では!いよいよ地盤工学会基準以外の機関のスレーキング試験について簡単に紹介しましょう!! 今回取り上げるのは、❶土木学会「軟岩の調査・試験の指針(案)」、❷鉄道建設・運輸施設整備支援機構(旧日本鉄道建設公団)「地質調査標準示方書」、❸NEXCO試験法(第7編トンネル関係試験法)「岩石の浸水崩壊度試験:試験法722」などです。
(1)スレーキング試験(軟岩の調査・試験の指針(案)★3)
❶適用:この試験は、岩石試料のスレーキングの性質を、乾燥させた岩石供試体の水浸によって生じる「形状変化及び吸水量」から求める方法で、軟岩のスレーキングに関する性質の「概略判定」を目的としています。
❷供試体の作製:岩石塊やボーリングコアからハンマー、カッター等により50×50㎜、厚さ20㎜の板状または直径50㎜、厚さ20㎜程度の円柱状供試体、またはこれらと同体積程度の不定形供試体を「1試料あたり少なくとも3個」を用意します。
❸試験手順:試験の手順は、図-2にまとめています。この中で、乾燥は1週間~10日間程度風乾する、または、1~2日風乾した後、40℃で2日程度炉乾燥することになっています。試験時の供試体の観察は、「初期観察」と「スレーキング観察」との2種類がありますが、「初期観察」では、供試体の「形状・色調・粒度・層理・葉理など」について記載します。一方、「スレーキング観察」の項目に関しては、水浸(清水)によって生じる形状変化を1 , 2 , 4及び24時間ごとに観察し、形状が図-3のどの区分に相当するかの判定が必要です。
❹試験結果:試験結果は、「水浸時間~スレーキング区分曲線」を作成し、同グラフの水浸24時間後のスレーキング区分を当該供試体のスレーキング指数とします。さらに、重量測定結果から自然含水比(Wn)や飽和含水比(Ws)、初期含水比(W1)、初期飽和度(Sr1)、吸水含水比(Ws1)、吸水含水比変化⊿wなども算出する必要があります。

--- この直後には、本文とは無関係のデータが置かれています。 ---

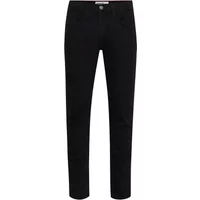 Jeans Blend Twister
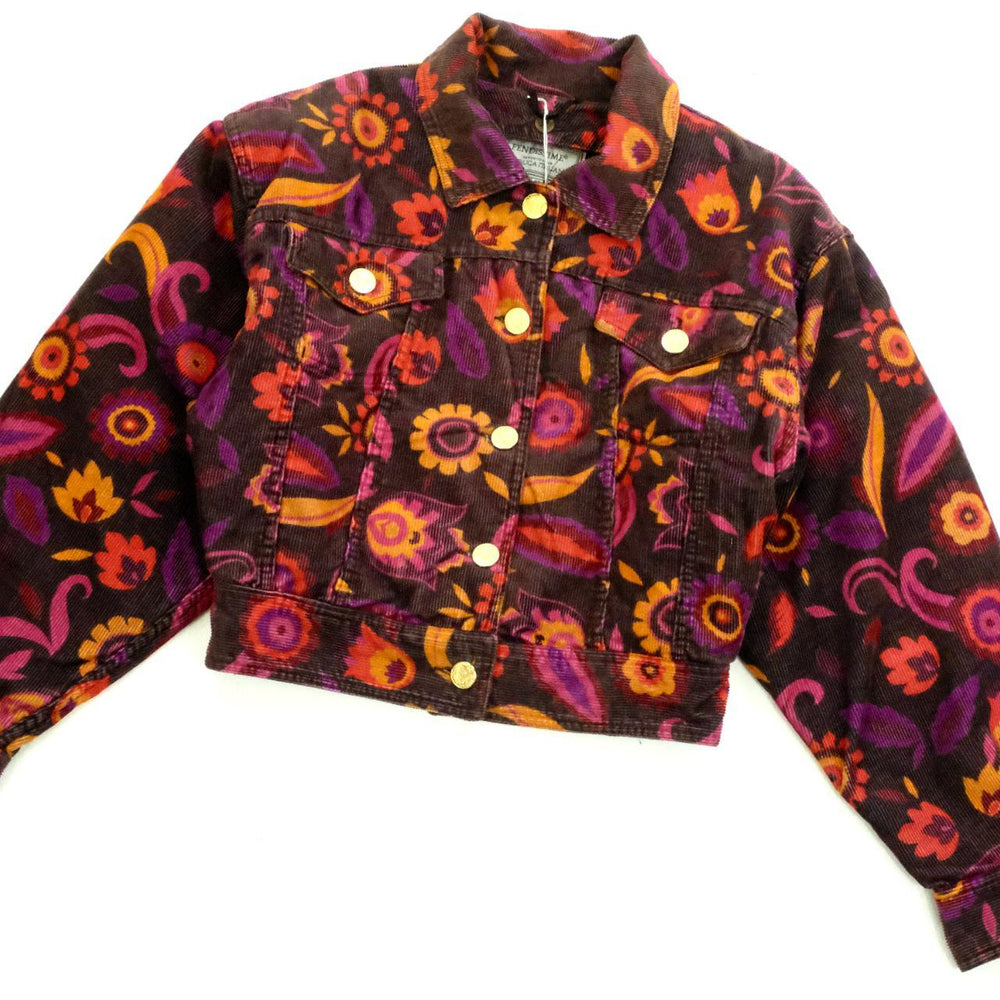 Fendi Jacket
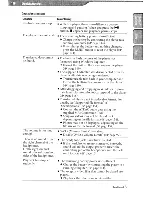 Preview for 128 page of Sony NWZ-A829 Marketing Specifications (Black Model) Operation Manual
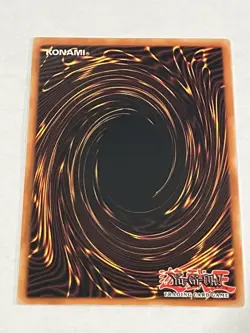 Yu-Gi-Oh! Red-Eyes B. Dragon SDJ-001 1st Edition Ultra Rare -FRESHLY OPENED NM - Image 2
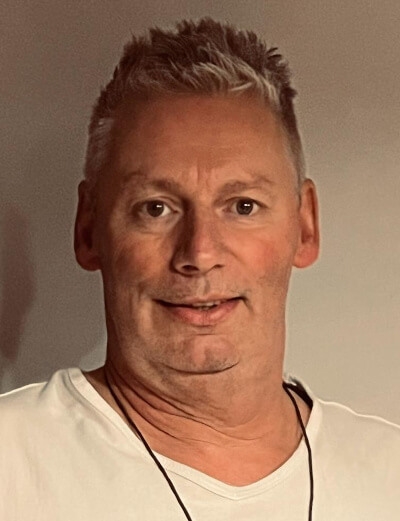 Jean Paul
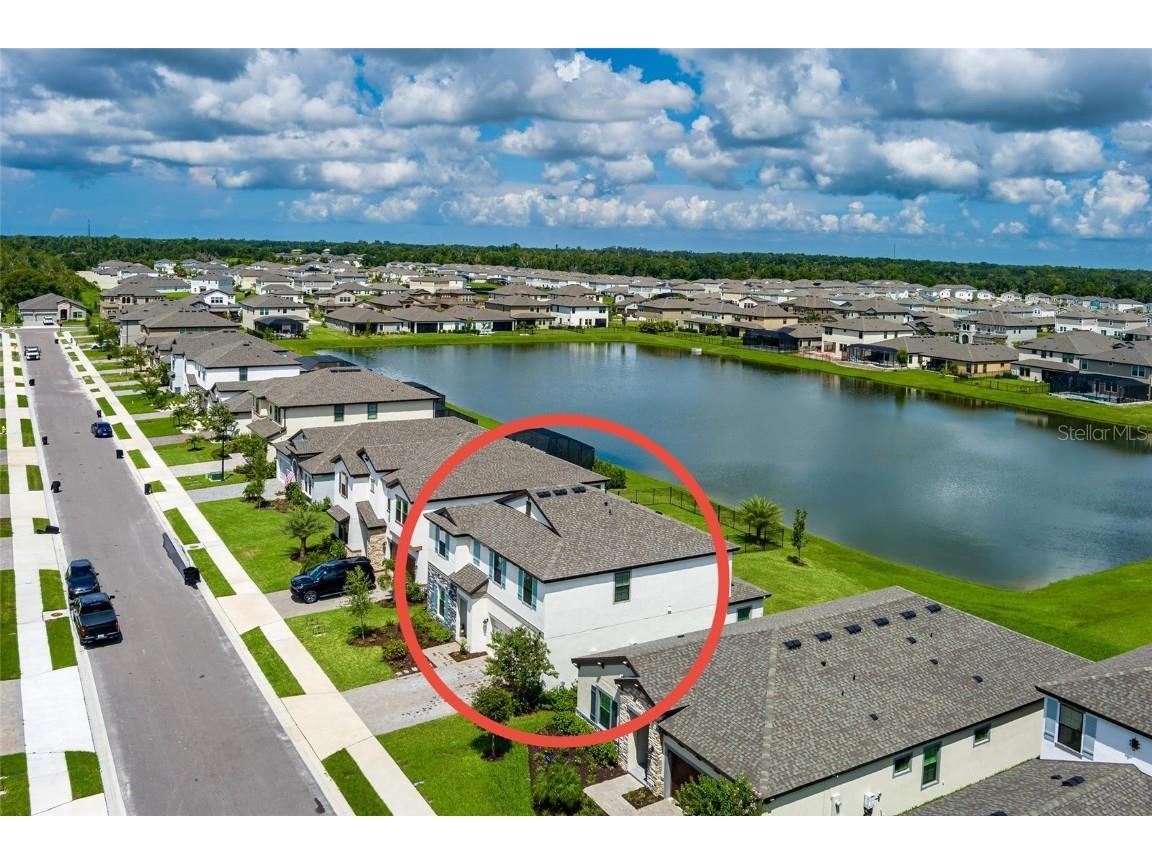 13137 Homestead Lane Parrish FL 34219 A4662750 image34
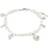 Pilgrim Armband Intent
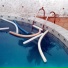 Life Aquatic feat. Mariana Oliveira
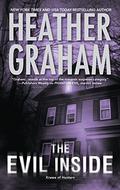 The Evil Inside by Heather Graham
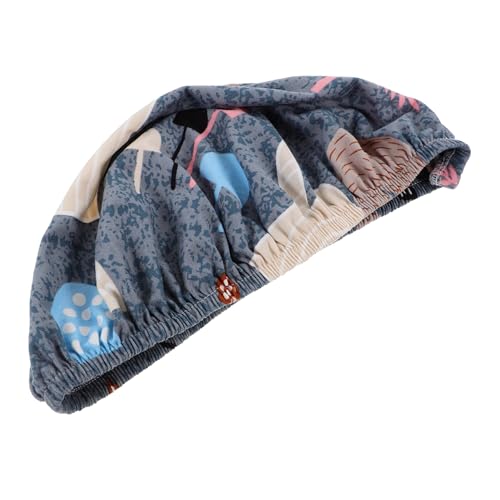 Alipis Funda Elástica para Redondo Protector de Asiento para Taburetes de de Silla Resistente Manchas para Cocina Comedor Salón y Peluquería Diseño Transpirable y Fácil Limpieza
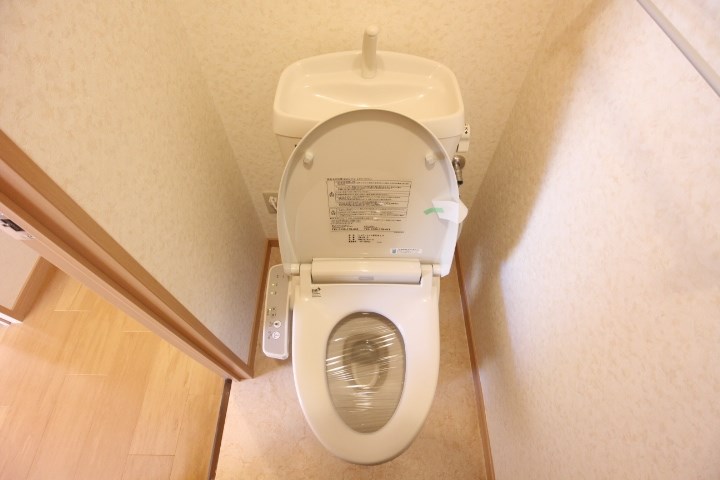 コンフォルト水笠 その他1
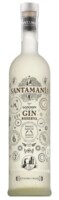 Santamanía Gin Reserva 41% 0,7 l (holá láhev)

❺解説:供試体の形状は「不定形」でも可としていること。使用する水は、「清水」とし、特に「蒸留水」の使用を規定していないこと。乾・湿の繰返し回数は1回としているが、「1回の繰返しでもスレーキングの強さの識別」の目的が得られると考えたこと、さらに定量的な指標として、スレーキングした後の供試体の「吸水含水比」を算出するなどがこの試験法の特徴です。 That's great! Miss. Kamata, What about you ?

図-2 スレーキング試験の手順フロー(★3)

図-3 スレーキング区分(★3)

図-4 時間~スレーキング区分曲線例(★3)
次の試験法としては、旧鉄道建設公団の「浸水崩壊度試験(★4)」を紹介します。
❶試験片:試験片は、「重量50g」程度の岩塊「3~5」個が必要ですが、極端に扁平、細長いものを避け、適当に稜角のある塊状の「クラックのない」ものを選ぶ必要があります。
❷試験方法:浸水崩壊度試験は、試験片を清水中に浸水させたときの状態変化を浸水後30分、1、2、4、6、24時間経過ごとに観察し、記録します。

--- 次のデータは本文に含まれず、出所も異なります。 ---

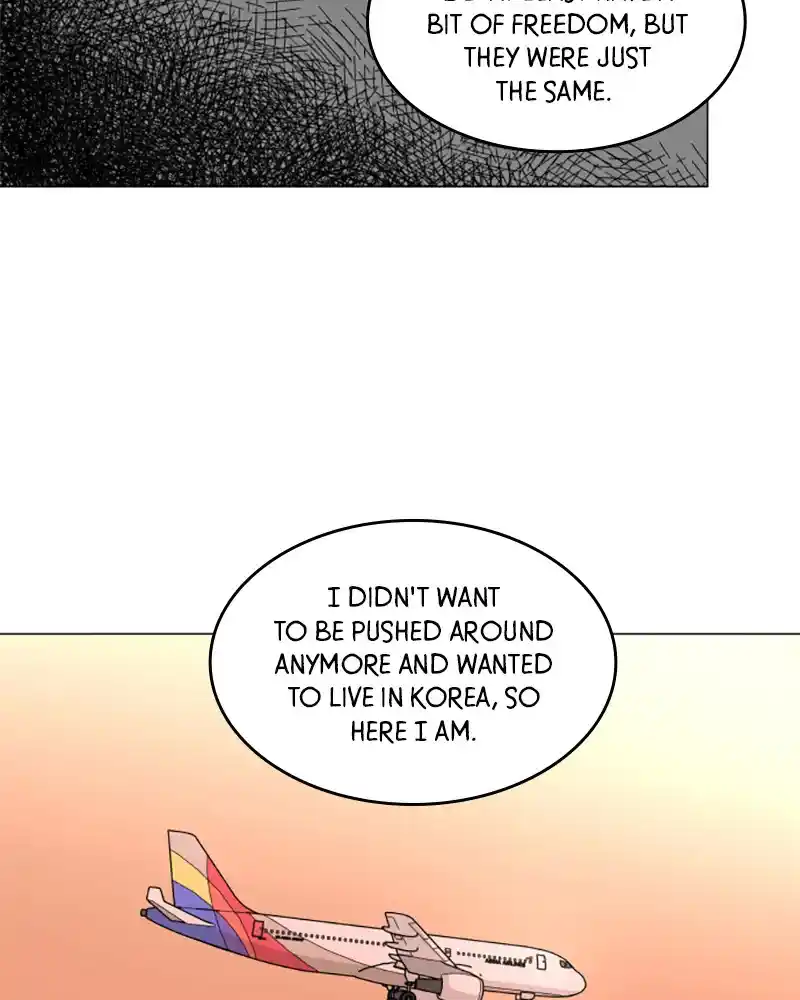 30 Minute Walk Chapter 105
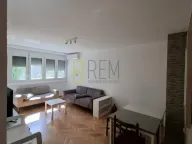 Sale, two bedroom apartment, 71m², Zabjelo, Podgorica - image 2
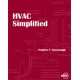 HVAC Simplified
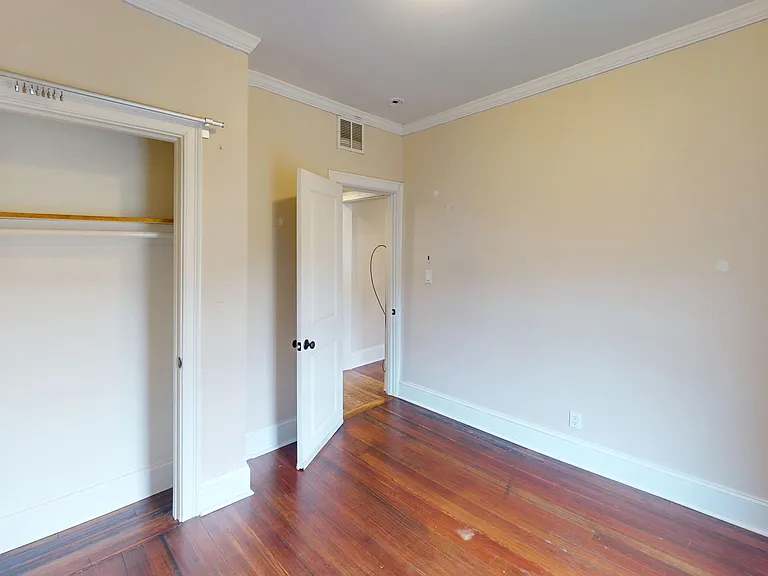 25 Chilcott Pl #1 — Photo 6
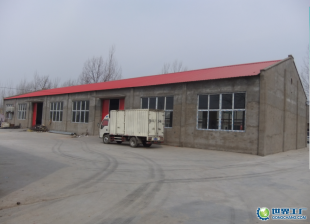 批發(fā)卷閘門彈簧,管狀電機彈簧,車庫門彈簧_建筑建材_世界工廠網(wǎng)中國產(chǎn)品信息庫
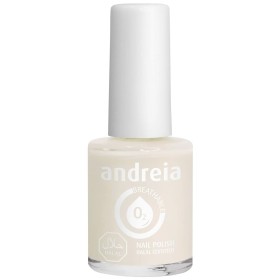 Verniz de unhas em gel Andreia Breathable Nail 10,5 ml B22 de Andreia, Vernizes em gel - Ref: S4259425, Preço: 9,96 €, Descon...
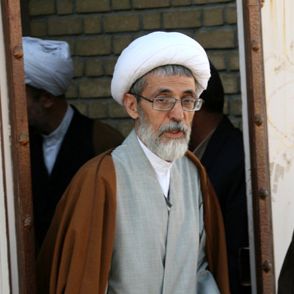 عضو مجلس خبرگان: رای دادن به افراد اصلح یک وظیفه قرآنی است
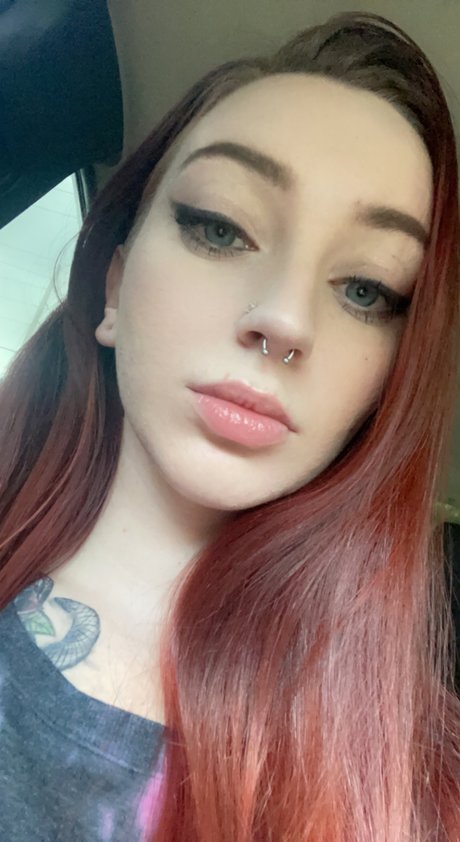 Babe_ onlyfans leak fuck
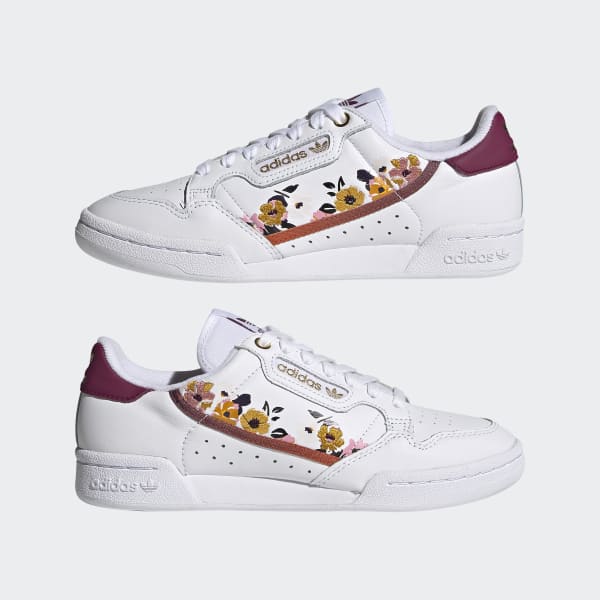 Adidas fw2536 new arrivals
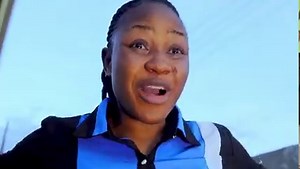 Lumiere Series Episode 3 | PASTOR W F KUMUYI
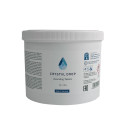 DESCALING TABLETS CRYSTAL DROP 12 CYCL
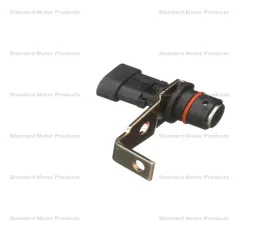 Standard Ignition Crankshaft Sensor Cadillac | Chevrolet | Isuzu 1992-2005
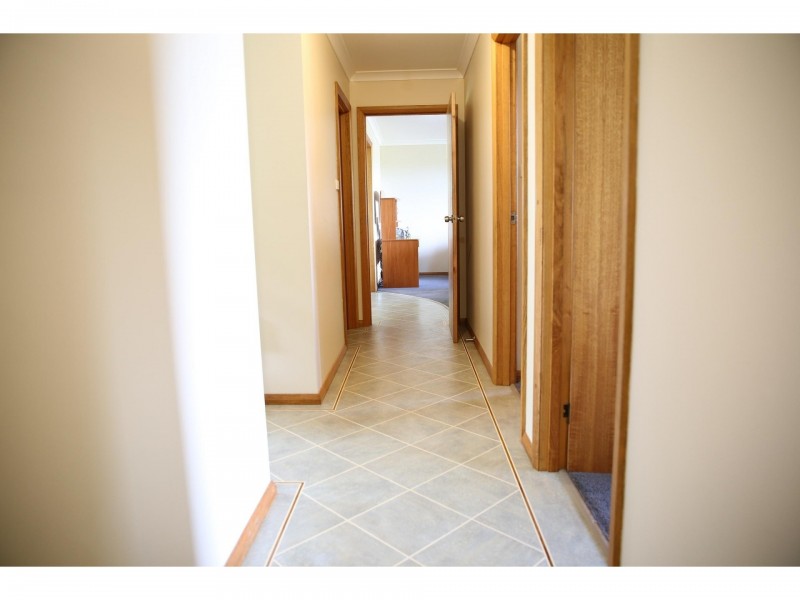 890 Nook road, Nook TAS 7306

a )試験片を24時間、「80℃」で炉乾燥し、デシケータ内で室温まで冷却します。
b )清水を入れた容器に試験片を完全に浸します。
c )各測定時間における試験片の状態をA~Dの記号で示します。なお、浸水24時間後における試験片の状態を写真撮影するとともに、特徴をスケッチします。なお、崩壊度区分は、表-2に示す通りです。
表-2 崩壊度区分(★4)
写真-1 島尻層群泥岩の露頭((株)東恩納組資料)
最後になりますが、NEXCOの「岩石の浸水崩壊度試験(★5)」は、試験方法及び崩壊度の判定共に旧鉄道建設公団の「浸水崩壊度試験」と全く同様な方法となっています。

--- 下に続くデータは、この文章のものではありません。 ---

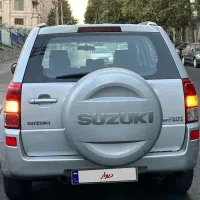 سوزوکی دنده ای  مدل 87|خودرو سواری و وانت|تهران, سعادت‌آباد|دیوار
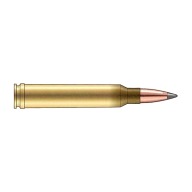Product Name: SWIFT AMMO 300 WINCHESTER 180gr SCIROCCO 20/bx 10/cs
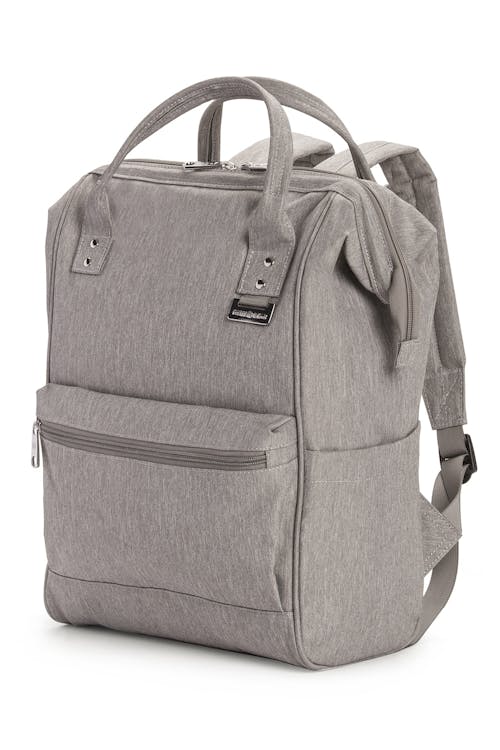 Swissgear 3576 Artz Dr Bag Laptop Backpack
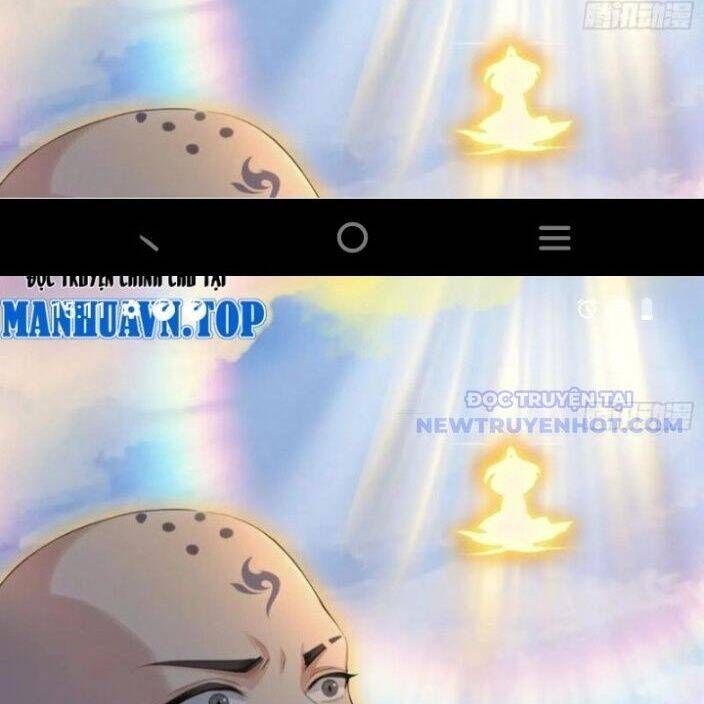 Hoá Ra Ta Đã Vô Địch Từ Lâu - Chapter 242 - Page 55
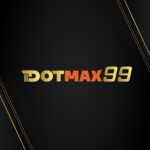 Situs Slot Gacor Terbaik Dan Terpercaya 2022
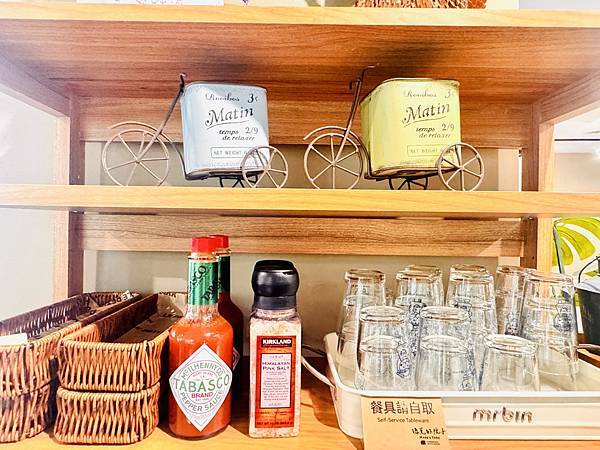 ★新北●金山*瑪克的院子*座落在朱銘美術館內,舒適的用餐空間 ★新北●金山*瑪克的院子*座落在朱銘美術館內,舒適的用餐空間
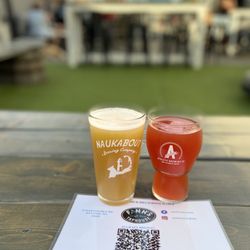 Finn’s Craft Beer Taphouse - Deliciousness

なお、各試験基準の項目では、供試体を乾燥させる「乾燥炉の温度設定」や乾燥に関する取扱いが異なっていますね。地質調査標準示方書やNEXCO試験法722では、「24時間の炉乾燥(80℃)」であるのに対して、土木学会の軟岩の調査・試験の指針(案)では、「時間をかけた風乾や低温での炉乾燥(40℃)」と規定していますが、これは軟岩等に含まれている粘土鉱物に対する温度による変質で、物性が変化することを考慮しているように推定されますが、皆さんどう考えますか!!
例えば、河野勝宣・前田寛之の研究(★6)では、スメクタイト含有量の異なる3種類の凝灰岩類を使用して、110℃から40℃までの4種類の強制乾燥温度下で円柱(縦)点載荷強さ試験を行った結果、スメクタイトを含む岩石は、80℃以上では、スメクタイトの結晶水が脱水され、点載荷強さに乾燥温度の違いが影響してくるため、正確な点載荷強さを求めるには60℃以下の乾燥温度で試験をすることが望ましいと結論付けていますね。
皆さん!スメクタイトや黄鉄鉱を含む第三紀の泥岩として、沖縄島中南部に分布する「島尻層群泥岩」が知られていますが、スレーキングによる細分化、吸水膨張による強度低下が要因で、斜面崩壊の事例も多くみられるようです。島尻泥岩と言えば、沖縄県那覇市を流れる安里(あさと)川にある金城ダムは、スレーキング現象が顕著なこの泥岩を基礎岩盤とするため、そのままでは、水圧に支えられないことから、基礎岩盤に格子状に地中連続壁を段階施工し、その内部をコンクリートで置換えてダム基礎とした「掘り込み式」の重力式コンクリートダム型式ですが、首里城に近接しているため、周辺景観に配慮して、堤体に「琉球石灰岩」を張付ける工夫をしているユニークな治水用ダムとして有名ですよ!
写真-2 金城ダム(沖縄ガーデン合同会社資料)
図-5 金城ダム断面図(沖縄県資料)
(1)井上厚行:膨張性粘土鉱物の特徴,粘土科学,第47巻,第3号,2008.など
(2)神山裕幸・高木博道・中野利広・加地真:スメクタイトを含む堆積軟岩の性状と膨張性地山の分布の推定,全地連「技術フォーラム2013」長野.
(3)スレーキング試験:軟岩の調査・試験の指針(案),土木学会,1991版.
(4)浸水崩壊度試験:地質調査標準示方書,鉄道建設・運輸施設整備支援機構(旧日本鉄道建設公団).
(5)岩石の浸水崩壊度試験:第7編トンネル関係試験方法,NEXCO試験方法―722.
(6)河野勝宣・前田寛之:乾燥温度の違いがスメクタイトを含む岩石の円柱(縦)点載荷強さに与える影響,第40回岩盤力学に関するシンポジウム講演,土木学会,2011.